While I was very amused by the mix of cultural references in ‘Rock the Casbah’, the mix-up in ‘Straight to Hell’ actually irked me at first, perhaps because this one is meant to be serious. I applaud Strummer’s concern for the plight of the ‘Amerasian’ babies of the Vietnam War who were abandoned by their soldier fathers when they returned to the US – but the only Asian culture in which ‘san’ is used as an honorific is Japanese.
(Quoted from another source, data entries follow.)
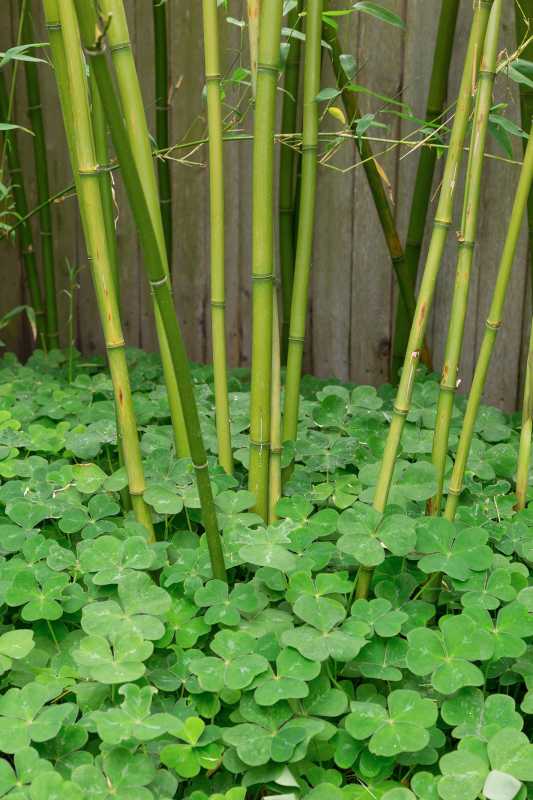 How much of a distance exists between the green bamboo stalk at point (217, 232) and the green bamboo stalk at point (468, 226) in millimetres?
315

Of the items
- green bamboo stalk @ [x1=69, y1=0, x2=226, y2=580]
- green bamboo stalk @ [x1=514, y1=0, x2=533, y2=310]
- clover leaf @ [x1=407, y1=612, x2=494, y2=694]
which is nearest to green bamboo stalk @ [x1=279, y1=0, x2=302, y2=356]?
green bamboo stalk @ [x1=514, y1=0, x2=533, y2=310]

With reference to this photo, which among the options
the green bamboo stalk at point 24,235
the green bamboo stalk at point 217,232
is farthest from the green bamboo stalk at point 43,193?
the green bamboo stalk at point 217,232

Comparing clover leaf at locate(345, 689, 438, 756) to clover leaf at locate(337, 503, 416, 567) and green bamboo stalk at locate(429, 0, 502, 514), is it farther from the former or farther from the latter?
green bamboo stalk at locate(429, 0, 502, 514)

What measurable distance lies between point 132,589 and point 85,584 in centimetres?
12

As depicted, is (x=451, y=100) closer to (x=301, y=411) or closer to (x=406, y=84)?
(x=406, y=84)

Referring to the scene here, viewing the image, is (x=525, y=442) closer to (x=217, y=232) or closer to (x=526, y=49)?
(x=217, y=232)

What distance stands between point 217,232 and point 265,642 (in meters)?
0.60

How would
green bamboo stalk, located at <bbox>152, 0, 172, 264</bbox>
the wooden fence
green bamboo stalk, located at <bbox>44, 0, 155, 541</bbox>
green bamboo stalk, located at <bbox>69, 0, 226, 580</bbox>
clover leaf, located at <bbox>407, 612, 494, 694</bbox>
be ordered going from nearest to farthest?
green bamboo stalk, located at <bbox>69, 0, 226, 580</bbox> < clover leaf, located at <bbox>407, 612, 494, 694</bbox> < green bamboo stalk, located at <bbox>44, 0, 155, 541</bbox> < the wooden fence < green bamboo stalk, located at <bbox>152, 0, 172, 264</bbox>

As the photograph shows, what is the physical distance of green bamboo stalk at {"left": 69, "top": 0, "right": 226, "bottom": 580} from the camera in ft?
2.77

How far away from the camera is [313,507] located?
1.31 m

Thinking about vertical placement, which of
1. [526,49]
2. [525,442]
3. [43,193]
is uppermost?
[526,49]

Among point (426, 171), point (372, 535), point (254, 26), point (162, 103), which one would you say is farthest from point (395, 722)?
point (162, 103)

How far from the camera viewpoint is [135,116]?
3.70 feet

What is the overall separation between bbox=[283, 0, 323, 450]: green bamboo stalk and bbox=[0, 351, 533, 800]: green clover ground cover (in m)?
0.11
Oh, I suppose I’m picking nits, but for me, the error detracts from Strummer’s otherwise sophisticated rendering of immigrant hopes and dilemmas in several different contexts.

Wanna join in a chorus
Of the Amerasian blues?
When it’s Christmas out in Ho Chi Minh City
Kiddie say ‘Papa Papa Papa Papa Papa -san take me home’
See me got photo photo photograph of you and Mamma Mamma Mamma-san
Of you and Mamma Mamma Mamma-san
Lemme tell ya ‘bout your blood, bamboo kid:
It ain’t Coca-Cola, it’s rice

Straight to hell, boys
Go straight to hell, boys
Oh Papa-san
Please take me home
Oh Papa-san
Everybody they wanna go home
So Mamma-san says

Can you cough it up loud and strong?
The immigrants
They wanna sing all night long
It could be anywhere
Most likely could be any frontier
Any hemisphere
No man’s land
There ain’t no asylum here
King Solomon he never lived round here

The music of ‘Straight to Hell’ pulses with an insistent slow drum beat, guitar strokes and mournful, siren-like, Oriental-sounding violin melody. It’s merely memorable here, but was sampled cleverly, and to stunningly gorgeous effect, by M.I.A. in the song ‘Paper Planes’ off her recent album Kala. To be honest, it was ‘Paper Planes’ – which, aptly enough, also dealt with the travails of with immigration – that made me give ‘Straight to Hell’ another chance. It’s still not my favourite, but the general consensus is that it’s one of the Clash’s major songs.

So… depending on who you are, Combat Rock has either two or three classic songs. Maybe not enough to make a classic record, but when the good songs are so good, still a worthy record.